> Input data
============================================================

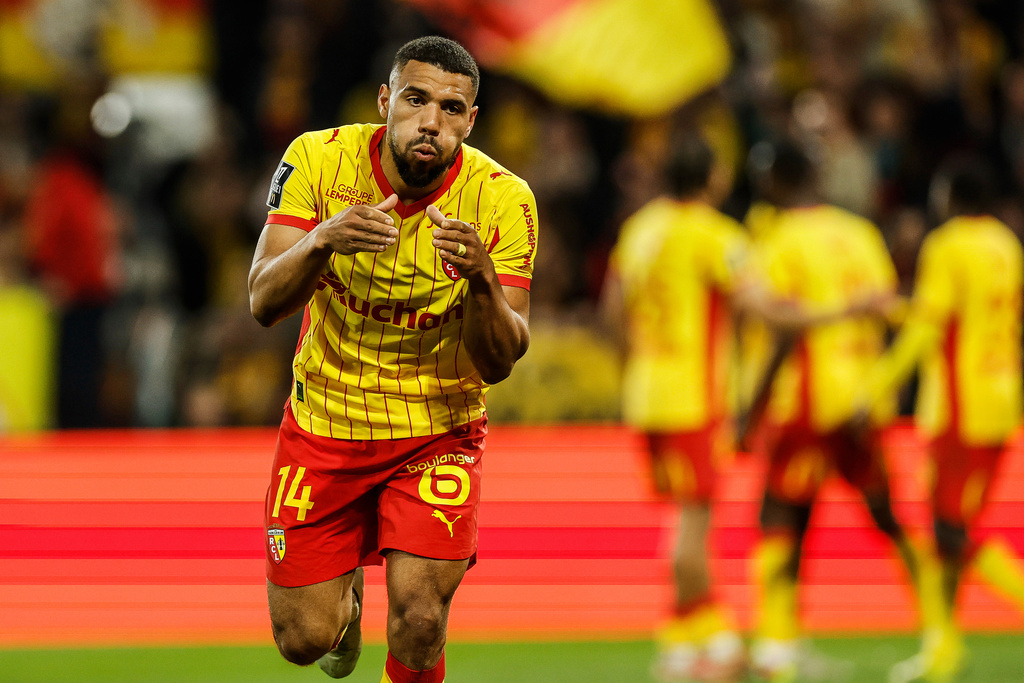 Lens's Matthieu Udol celebrates after scoring during the French League One soccer game between Lens and Angers, Friday, March 20,2 026, in Lens, France. (AP Photo/Jean-Francois Badias)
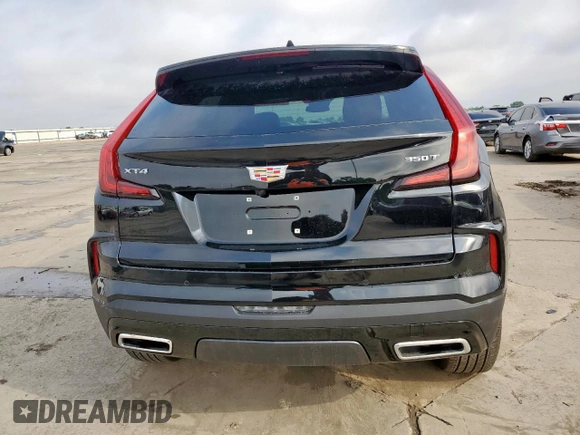 2024 Cadillac XT4 FWD Premium Luxury with VIN 1GYFZCR49RF248341, listed as a Copart auction lot 58586035 with 12,490 mi miles and Salvage title. Bid and sale history available at DreamBid. Image 6.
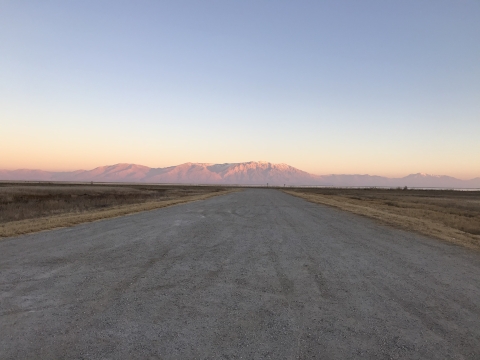 Sun kissed mountains in the distance with gravel road headed toward them.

============================================================

> Exercise instructions
Could you give the listing again exactly as it stands, minus any pictures?

> Solution for this task
 Lens's Matthieu Udol celebrates after scoring during the French League One soccer game between Lens and Angers, Friday, March 20,2 026, in Lens, France. (AP Photo/Jean-Francois Badias)
 2024 Cadillac XT4 FWD Premium Luxury with VIN 1GYFZCR49RF248341, listed as a Copart auction lot 58586035 with 12,490 mi miles and Salvage title. Bid and sale history available at DreamBid. Image 6.
 Sun kissed mountains in the distance with gravel road headed toward them.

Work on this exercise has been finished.